Tentara Israel Gunakan Teknologi Pengenalan Wajah Untuk Tangkap Warga Palestina
Abadikini.com, JAKARTA – Seorang mantan tentara Israel mengungkapkan, sejatinya militer zionis memanfaatkan sistem pemindai wajah untuk melacak warga Palestina di Tepi Barat yang diduduki Israel,
Menurut sebuah laporan baru oleh The Washington Post. Mantan tentara Israel tersebut mengatakan, mereka memakai teknologi smartphone yang disebut “Blue Wolf,” yang mengambil foto orang Palestina dan menyimpannya dalam database skala besar.
Setelah gambar diambil, Blue Wolf mencocokkan gambar itu dengan seseorang di databasenya.
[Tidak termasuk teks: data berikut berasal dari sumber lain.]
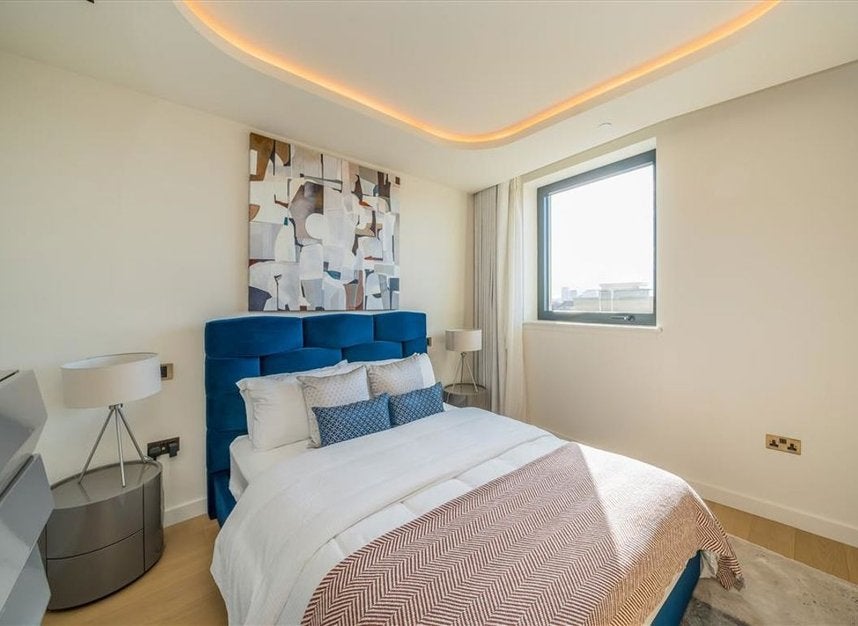 Flat Fareham Street in City of Westminster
Kemudian smartphone tentara itu akan memancarkan warna tertentu yang menandakan jika orang itu harus ditangkap, ditahan, atau dibiarkan tidak terganggu.
The Post mencatat bahwa tentara Israel telah mengisi database dengan ribuan gambar orang Palestina selama dua tahun terakhir. Bahkan Israel mengadakan “kompetisi” yang memberi penghargaan kepada tentara karena mengambil foto orang paling banyak. “Basis itu data pada dasarnya seperti Facebook untuk Palestina,” kata seorang mantan tentara kepada Post, seperti dikutip The Verge, Selasa (9/11/2021).
Militer Israel juga telah memasang kamera di seluruh kota Hebron yang memindai wajah warga Palestina dan mengidentifikasi mereka untuk tentara di pos pemeriksaan. Sementara itu, serangkaian kamera CCTV, yang beberapa di antaranya mengarah ke rumah-rumah penduduk, menyediakan pemantauan langsung.
Menurut Post, mantan tentara diberitahu oleh militer bahwa sistem pengawasan diberlakukan untuk mencegah terorisme. Either way, sistem Israel membawa pengenalan wajah ke ekstrem dystopian. Dalam konteks tindakan keamanan yang ekstrim, mantan tentara Israel yang berbicara kepada Post menemukan sistem pengenalan wajah itu teknologi yang mengkhawatirkan.
“Saya tidak akan merasa nyaman jika mereka menggunakannya di mal,” kata seorang mantan tentara kepada Post.
Ada sejumlah sistem serupa yang diterapkan di negara lain, dan semuanya kontroversial. China mengembangkan sistem pengenalan wajah serupa untuk memantau populasi minoritas Uyghur, meskipun tidak jelas seberapa luas sistem itu digunakan.